- Arms of Bridgeman: Sable, ten Plates, four, three, two and one, on a Chief Argent, a Lion passant Ermines. Crest: A Demi-Lion rampant Argent, holding between the paws a Wreath of Laurel proper. Supporters: On either side a Lion guardant Gules pellettée.
- Creation date: 18 June 1929
- Created by: George V
- Peerage: United Kingdom
- First holder: William Bridgeman, 1st Viscount Bridgeman
- Present holder: Luke Bridgeman, 4th Viscount Bridgeman
- Heir apparent: Valentine Henry Ralph Orlando Bridgeman
- Remainder to: the 1st Viscount's heirs male of the body lawfully begotten.
- Seat: Watley House
- Motto: NEC TEMERE NEC TIMIDE (Neither rashly nor timidly)

= Viscount Bridgeman =

Viscountcy in the Peerage of the United Kingdom

Viscount Bridgeman, of Leigh in the County of Shropshire, is a title in the Peerage of the United Kingdom. It was created in 1929 for the Conservative politician William Bridgeman, who had previously served as Home Secretary and First Lord of the Admiralty. He was the son of Reverend John Robert Orlando Bridgeman, third son of George Bridgeman, 2nd Earl of Bradford. His son, the second Viscount, served as Lord Lieutenant of Shropshire from 1951 to 1969. As of 2026 the title was held by the latter's great-nephew, the fourth Viscount, who successed his father in that year. The third Viscount was one of the ninety elected hereditary peers that remained in the House of Lords after the passing of the House of Lords Act 1999, and sat as a Conservative until his death.

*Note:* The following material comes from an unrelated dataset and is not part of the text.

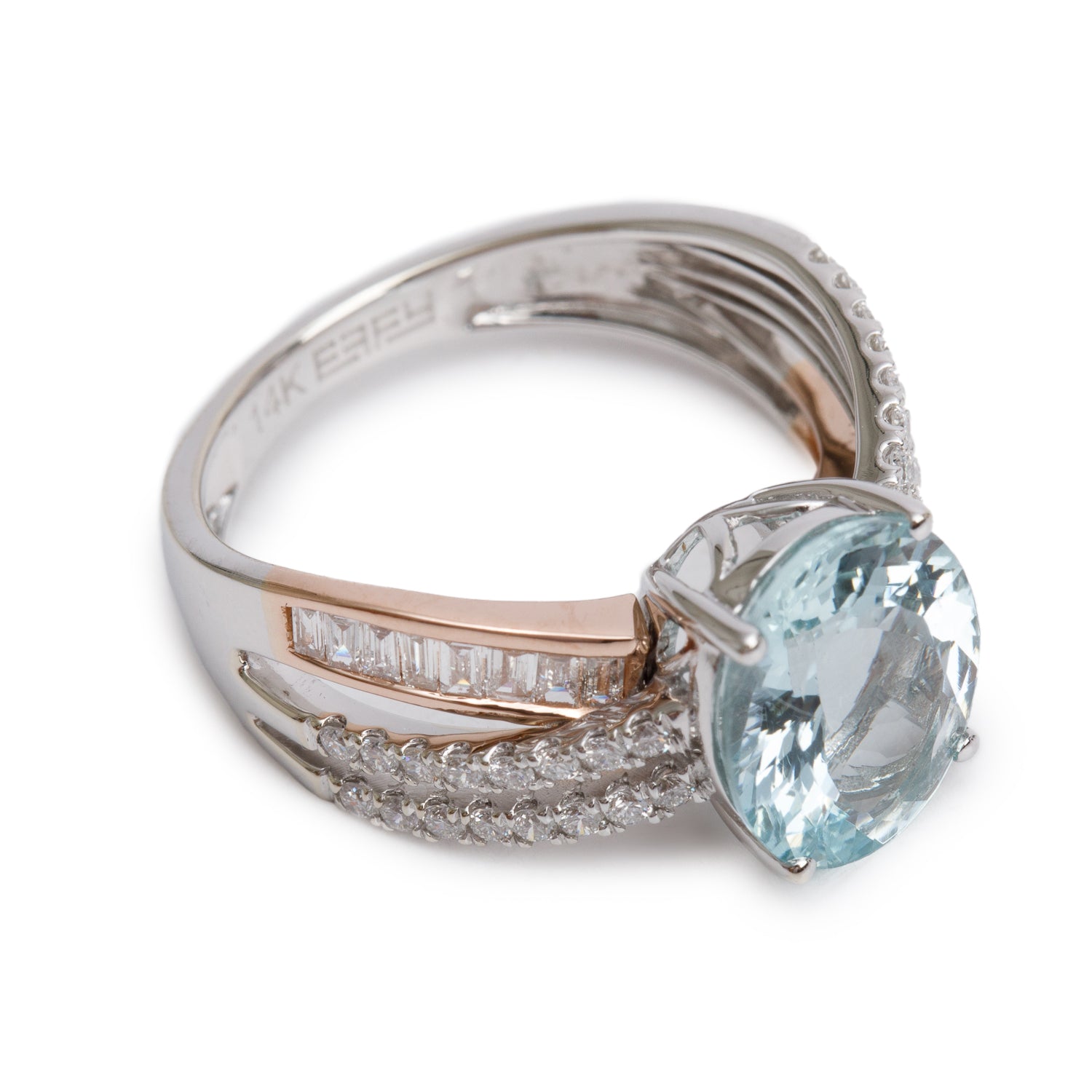 Effy 14k White & Rose Gold Aquamarine & Diamond Ring, Size 7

As descendants of the 2nd Earl of Bradford, the Bridgeman viscounts are in the remainder for that earldom.

==Family seat==
The family seat is Watley House, near Winchester, Hampshire.

==Coat of arms==
The heraldic blazon for the coat of arms of the barony is: Sable, ten plates, four, three, two, and one, on a chief argent a lion passant ermines.

==Viscounts Bridgeman (1929)==
- William Clive Bridgeman, 1st Viscount Bridgeman (1864–1935)
- Robert Clive Bridgeman, 2nd Viscount Bridgeman (1896–1982)
- Robin John Orlando Bridgeman, 3rd Viscount Bridgeman (1930–2026)
  - Hon. William Orlando Caspar Bridgeman (1968–2001)
- Luke Robinson Orlando Bridgeman, 4th Viscount Bridgeman (born 1971)

The heir apparent is the present holder's son, the Hon. Valentine Henry Ralph Orlando Bridgeman (born 1999).